» Task to complete:
Exactly the lines below from the one with "Comentarii opinii despre Dr Fries Pizzeria" up to and including the one with "mallard vs rouen quack call" make up the answer, with nothing else added.
BEGIN Recorded data
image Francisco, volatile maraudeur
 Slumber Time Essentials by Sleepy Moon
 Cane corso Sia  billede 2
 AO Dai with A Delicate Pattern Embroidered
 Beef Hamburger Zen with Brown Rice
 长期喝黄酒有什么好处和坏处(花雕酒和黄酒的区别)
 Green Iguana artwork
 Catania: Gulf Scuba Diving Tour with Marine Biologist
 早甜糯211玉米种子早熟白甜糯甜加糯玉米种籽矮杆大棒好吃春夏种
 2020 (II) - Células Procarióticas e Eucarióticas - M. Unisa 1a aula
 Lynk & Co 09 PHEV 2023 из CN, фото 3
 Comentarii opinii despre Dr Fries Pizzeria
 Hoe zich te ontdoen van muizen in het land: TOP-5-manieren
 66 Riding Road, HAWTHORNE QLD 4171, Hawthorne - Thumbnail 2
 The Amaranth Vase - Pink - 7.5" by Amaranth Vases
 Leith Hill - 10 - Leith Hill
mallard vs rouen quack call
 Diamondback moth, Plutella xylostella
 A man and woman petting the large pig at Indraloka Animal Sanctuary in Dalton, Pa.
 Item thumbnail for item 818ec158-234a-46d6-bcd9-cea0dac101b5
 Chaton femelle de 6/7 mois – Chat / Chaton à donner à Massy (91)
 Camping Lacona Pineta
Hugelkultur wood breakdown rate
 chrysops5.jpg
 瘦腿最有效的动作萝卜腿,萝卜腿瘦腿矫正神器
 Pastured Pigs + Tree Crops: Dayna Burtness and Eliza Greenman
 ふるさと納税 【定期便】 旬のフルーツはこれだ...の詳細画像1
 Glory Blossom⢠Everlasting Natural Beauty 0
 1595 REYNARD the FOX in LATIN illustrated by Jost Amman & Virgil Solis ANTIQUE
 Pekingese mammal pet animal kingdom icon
END Recorded data
» Written solution:
 Comentarii opinii despre Dr Fries Pizzeria
 Hoe zich te ontdoen van muizen in het land: TOP-5-manieren
 66 Riding Road, HAWTHORNE QLD 4171, Hawthorne - Thumbnail 2
 The Amaranth Vase - Pink - 7.5" by Amaranth Vases
 Leith Hill - 10 - Leith Hill
mallard vs rouen quack call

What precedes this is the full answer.